Advocacia de Estado e de governo na consultoria jurídica


Por Julio de Melo Ribeiro

Recentemente, intensificou-se, entre os membros da Advocacia-Geral da União, o debate acerca da exclusividade do exercício das funções de consultoria e assessoramento jurídicos do Poder Executivo por advogados concursados. Discussão que mantém estreito vínculo com a polêmica da advocacia de Estado versus advocacia de governo.
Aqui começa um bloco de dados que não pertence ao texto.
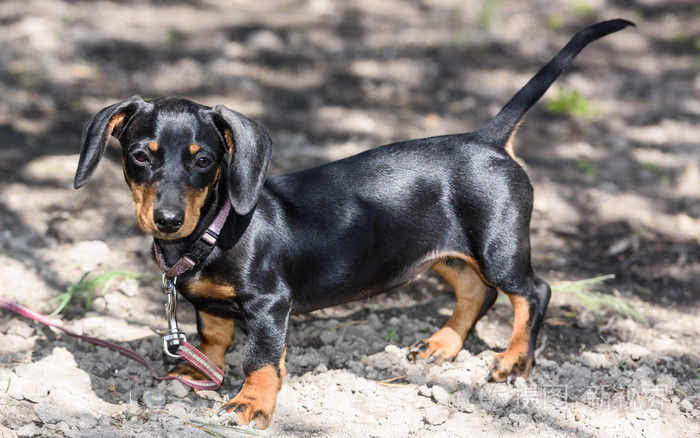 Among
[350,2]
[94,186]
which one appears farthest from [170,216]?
[350,2]

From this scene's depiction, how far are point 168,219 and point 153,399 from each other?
3.15 feet

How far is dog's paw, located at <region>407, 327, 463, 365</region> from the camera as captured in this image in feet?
12.7

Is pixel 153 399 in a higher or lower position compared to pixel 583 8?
lower

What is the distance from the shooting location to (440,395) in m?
3.47

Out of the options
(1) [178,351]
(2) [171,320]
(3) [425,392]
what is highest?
(2) [171,320]

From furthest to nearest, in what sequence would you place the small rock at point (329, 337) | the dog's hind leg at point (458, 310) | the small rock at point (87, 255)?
1. the small rock at point (87, 255)
2. the small rock at point (329, 337)
3. the dog's hind leg at point (458, 310)

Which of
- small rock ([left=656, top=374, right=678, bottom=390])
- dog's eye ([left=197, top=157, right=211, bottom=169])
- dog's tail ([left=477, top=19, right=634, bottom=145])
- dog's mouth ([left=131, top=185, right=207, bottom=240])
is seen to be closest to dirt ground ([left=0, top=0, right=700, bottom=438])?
small rock ([left=656, top=374, right=678, bottom=390])

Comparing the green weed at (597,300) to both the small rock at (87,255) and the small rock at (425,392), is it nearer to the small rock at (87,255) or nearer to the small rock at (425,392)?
the small rock at (425,392)

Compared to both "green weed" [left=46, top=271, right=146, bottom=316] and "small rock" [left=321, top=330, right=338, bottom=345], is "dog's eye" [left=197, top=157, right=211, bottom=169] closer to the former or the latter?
"small rock" [left=321, top=330, right=338, bottom=345]

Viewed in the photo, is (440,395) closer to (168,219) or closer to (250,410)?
(250,410)

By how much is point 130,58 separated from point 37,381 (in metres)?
4.97

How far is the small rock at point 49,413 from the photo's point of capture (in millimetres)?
3059

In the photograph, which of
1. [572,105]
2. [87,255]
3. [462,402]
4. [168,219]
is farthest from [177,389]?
[572,105]

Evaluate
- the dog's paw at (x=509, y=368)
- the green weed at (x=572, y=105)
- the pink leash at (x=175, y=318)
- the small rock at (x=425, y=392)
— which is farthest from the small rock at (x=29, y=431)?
the green weed at (x=572, y=105) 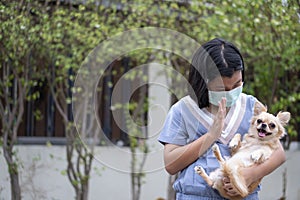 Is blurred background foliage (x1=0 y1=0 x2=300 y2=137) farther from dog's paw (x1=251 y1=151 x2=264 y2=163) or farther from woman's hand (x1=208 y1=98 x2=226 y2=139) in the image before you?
woman's hand (x1=208 y1=98 x2=226 y2=139)

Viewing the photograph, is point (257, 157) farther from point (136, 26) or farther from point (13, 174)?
point (13, 174)

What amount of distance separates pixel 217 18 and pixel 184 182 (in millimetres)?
4215

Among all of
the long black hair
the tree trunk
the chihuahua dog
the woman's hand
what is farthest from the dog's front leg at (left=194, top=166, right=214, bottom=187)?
the tree trunk

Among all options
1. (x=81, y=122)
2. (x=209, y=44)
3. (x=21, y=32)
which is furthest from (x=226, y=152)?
(x=81, y=122)

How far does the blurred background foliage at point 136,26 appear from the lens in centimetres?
674

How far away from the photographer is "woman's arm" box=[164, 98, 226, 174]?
2.98m

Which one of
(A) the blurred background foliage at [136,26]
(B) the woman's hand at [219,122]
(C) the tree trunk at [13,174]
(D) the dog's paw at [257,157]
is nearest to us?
(B) the woman's hand at [219,122]

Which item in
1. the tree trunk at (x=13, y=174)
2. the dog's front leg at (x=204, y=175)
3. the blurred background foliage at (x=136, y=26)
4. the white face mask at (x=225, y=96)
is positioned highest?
the blurred background foliage at (x=136, y=26)

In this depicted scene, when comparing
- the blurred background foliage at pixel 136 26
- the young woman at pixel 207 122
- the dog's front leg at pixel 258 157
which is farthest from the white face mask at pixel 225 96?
the blurred background foliage at pixel 136 26

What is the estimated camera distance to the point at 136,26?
7230 millimetres

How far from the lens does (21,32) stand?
6.65m

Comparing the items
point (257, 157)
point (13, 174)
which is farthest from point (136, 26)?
point (257, 157)

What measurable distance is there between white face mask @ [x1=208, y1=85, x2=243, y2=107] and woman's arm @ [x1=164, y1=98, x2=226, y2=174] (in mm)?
60

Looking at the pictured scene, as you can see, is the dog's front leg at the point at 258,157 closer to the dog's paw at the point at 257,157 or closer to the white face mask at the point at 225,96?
the dog's paw at the point at 257,157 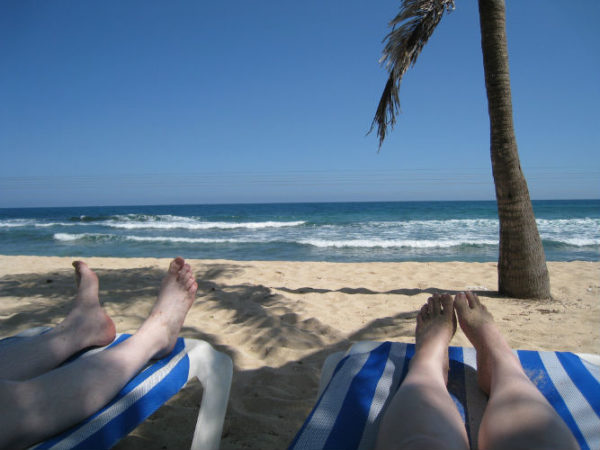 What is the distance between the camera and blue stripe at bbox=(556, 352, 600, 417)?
4.20 feet

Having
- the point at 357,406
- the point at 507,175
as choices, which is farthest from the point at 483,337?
the point at 507,175

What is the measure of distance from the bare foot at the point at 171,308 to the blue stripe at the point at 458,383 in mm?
1218

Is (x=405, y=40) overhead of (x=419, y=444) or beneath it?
overhead

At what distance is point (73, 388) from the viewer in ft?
3.98

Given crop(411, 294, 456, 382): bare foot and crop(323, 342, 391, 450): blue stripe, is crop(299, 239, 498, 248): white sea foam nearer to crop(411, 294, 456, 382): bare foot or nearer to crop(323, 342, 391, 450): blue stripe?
crop(411, 294, 456, 382): bare foot

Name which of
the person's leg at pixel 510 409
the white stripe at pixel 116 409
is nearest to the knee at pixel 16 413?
the white stripe at pixel 116 409

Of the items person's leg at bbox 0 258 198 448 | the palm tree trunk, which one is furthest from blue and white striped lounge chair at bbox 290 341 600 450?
the palm tree trunk

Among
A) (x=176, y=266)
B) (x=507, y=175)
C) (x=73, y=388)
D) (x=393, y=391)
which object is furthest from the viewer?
(x=507, y=175)

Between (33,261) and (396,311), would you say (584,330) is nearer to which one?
(396,311)

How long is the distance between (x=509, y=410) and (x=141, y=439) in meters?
1.45

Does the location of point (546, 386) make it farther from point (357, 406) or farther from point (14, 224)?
point (14, 224)

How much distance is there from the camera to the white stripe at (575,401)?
1.09 meters

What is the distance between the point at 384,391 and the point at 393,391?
0.03 metres

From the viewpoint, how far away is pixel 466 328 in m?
1.71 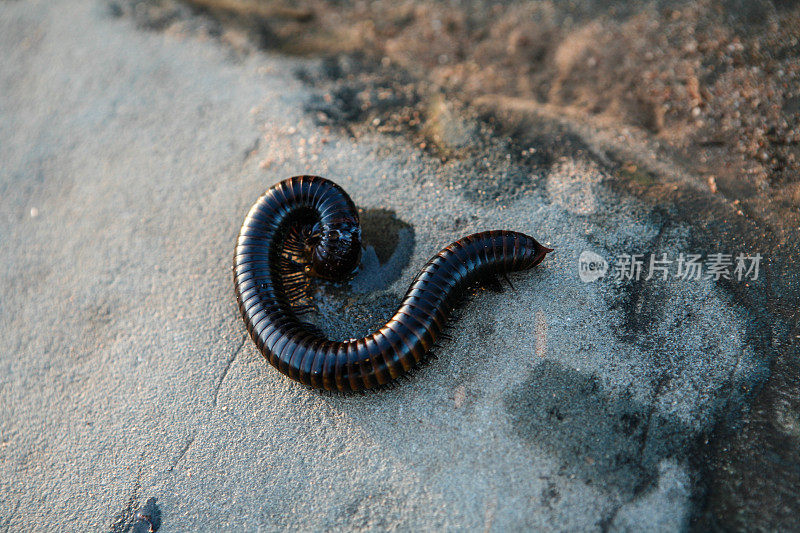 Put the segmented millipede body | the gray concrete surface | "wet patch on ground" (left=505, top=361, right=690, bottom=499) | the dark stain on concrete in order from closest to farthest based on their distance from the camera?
"wet patch on ground" (left=505, top=361, right=690, bottom=499) → the gray concrete surface → the segmented millipede body → the dark stain on concrete

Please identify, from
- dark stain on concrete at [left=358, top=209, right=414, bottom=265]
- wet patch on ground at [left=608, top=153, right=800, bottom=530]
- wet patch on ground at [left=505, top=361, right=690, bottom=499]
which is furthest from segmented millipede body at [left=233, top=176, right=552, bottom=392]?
wet patch on ground at [left=608, top=153, right=800, bottom=530]

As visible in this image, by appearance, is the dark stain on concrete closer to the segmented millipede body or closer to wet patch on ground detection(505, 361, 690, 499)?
the segmented millipede body

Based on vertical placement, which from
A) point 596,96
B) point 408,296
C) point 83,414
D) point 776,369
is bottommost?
point 83,414

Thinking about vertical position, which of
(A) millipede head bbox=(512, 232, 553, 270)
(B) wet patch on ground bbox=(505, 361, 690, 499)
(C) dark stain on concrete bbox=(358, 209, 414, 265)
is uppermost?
(A) millipede head bbox=(512, 232, 553, 270)

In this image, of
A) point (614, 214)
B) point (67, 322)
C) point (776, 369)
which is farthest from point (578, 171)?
point (67, 322)

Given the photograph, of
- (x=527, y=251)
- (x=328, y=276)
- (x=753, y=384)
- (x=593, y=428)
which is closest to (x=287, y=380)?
(x=328, y=276)

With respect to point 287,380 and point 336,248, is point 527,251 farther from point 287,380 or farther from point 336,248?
point 287,380

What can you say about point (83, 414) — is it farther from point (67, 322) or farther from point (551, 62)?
point (551, 62) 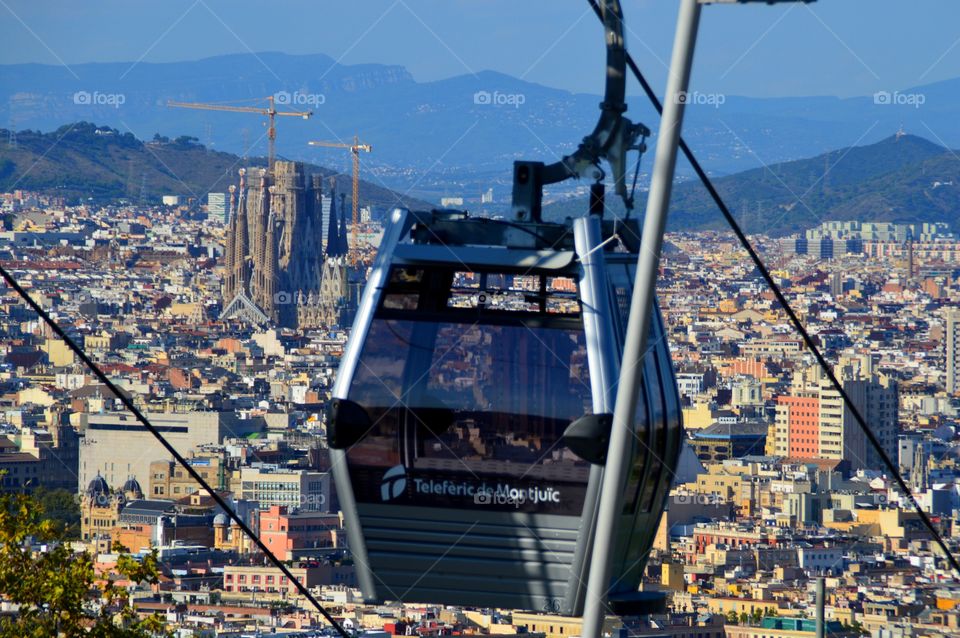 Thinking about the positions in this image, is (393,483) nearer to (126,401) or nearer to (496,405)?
Answer: (496,405)

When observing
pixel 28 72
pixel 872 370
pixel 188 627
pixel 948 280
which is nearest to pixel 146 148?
pixel 28 72

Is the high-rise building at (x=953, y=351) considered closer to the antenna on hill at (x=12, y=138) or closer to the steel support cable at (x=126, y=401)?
the antenna on hill at (x=12, y=138)

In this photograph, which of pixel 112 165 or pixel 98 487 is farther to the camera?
pixel 112 165

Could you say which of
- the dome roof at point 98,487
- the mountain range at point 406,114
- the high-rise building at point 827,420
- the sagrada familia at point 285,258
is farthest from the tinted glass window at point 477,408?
the sagrada familia at point 285,258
A par de alguns argumentos político-jurídicos suscitados pelos defensores de uma ou outra teses, algumas questões me parece importante destacar.

Dada a respeitabilidade tanto dos defensores da opinião de que a consultoria jurídica da administração pública é função privativa de advogados concursados quanto dos que defendem a tese oposta, tenho por necessária a seguinte premissa: a certeza de bons propósitos. Quem defende a mencionada exclusividade não o faz por interesses corporativistas, mas porque realmente acredita que advogados concursados estão menos sujeitos à corrupção e que isso é fundamental numa área tão sensível quanto historicamente problemática como a do controle de legalidade das políticas públicas (processos de licitação e acompanhamento de contratos e convênios aqui incluídos). Já os que se alinham no front oposto certamente não objetivam se locupletar dos possíveis desvios a que a consultoria privada dá ensejo, mas acreditam, de fato, que a liberdade de nomeação, pelos ministros de Estado, dos advogados incumbidos de lhes prestar assessor amento jurídico (ou dos chefes, pelo menos) é uma consequência imperiosa do regime democrático. Legitimidade democrática ou probidade na administração pública? Qual a escolha certa a fazer?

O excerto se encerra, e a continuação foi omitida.